Leviticus 24:5-9
God ordains continual covenant remembrance through ordered worship and provision.
5 “You shall take fine flour, and bake twelve cakes of it: two tenths of an ephah shall be in one cake.
6 You shall set them in two rows, six on a row, on the pure gold table before Yahweh.
7 You shall put pure frankincense on each row, that it may be to the bread for a memorial, even an offering made by fire to Yahweh.
8 Every Sabbath day he shall set it in order before Yahweh continually. It is an everlasting covenant on the behalf of the children of Israel.
9 It shall be for Aaron and his sons. They shall eat it in a holy place; for it is most holy to him of the offerings of Yahweh made by fire by a perpetual statute.”
God ordains continual covenant remembrance through ordered worship and provision.

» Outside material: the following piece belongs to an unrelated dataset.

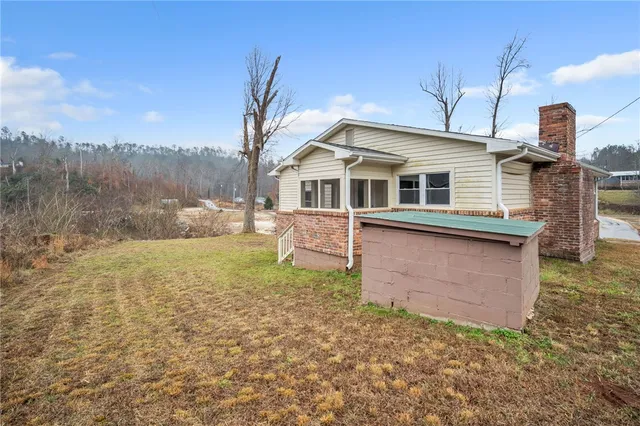 $180,000 | 402 Laurel And Hardy Lake Road, Marietta, SC 29661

This passage commands the preparation and continual placement of the bread of the Presence before the LORD as a covenantal memorial and provision for the priests.
Leviticus 24 outlines the daily and weekly rhythms of the tabernacle. Following the continual light of the lampstand (vv. 1-4), verses 5-9 mandate the continual bread on the golden table. Together, light and bread form the permanent environment of the Holy Place. They contrast the grand, annual festivals of Chapter 23 with the quiet, unrelenting, everyday reality of God's dwelling with Israel.
Israel encamped at Sinai, learning the weekly operational requirements for the newly constructed tabernacle.
Light, Bread, the Holy Name, and Equal Justice Before the LORD
The holy LORD must be honored continually in His sanctuary and reverently in His camp, because His presence, provision, name, and justice govern Israel's worship and communal life.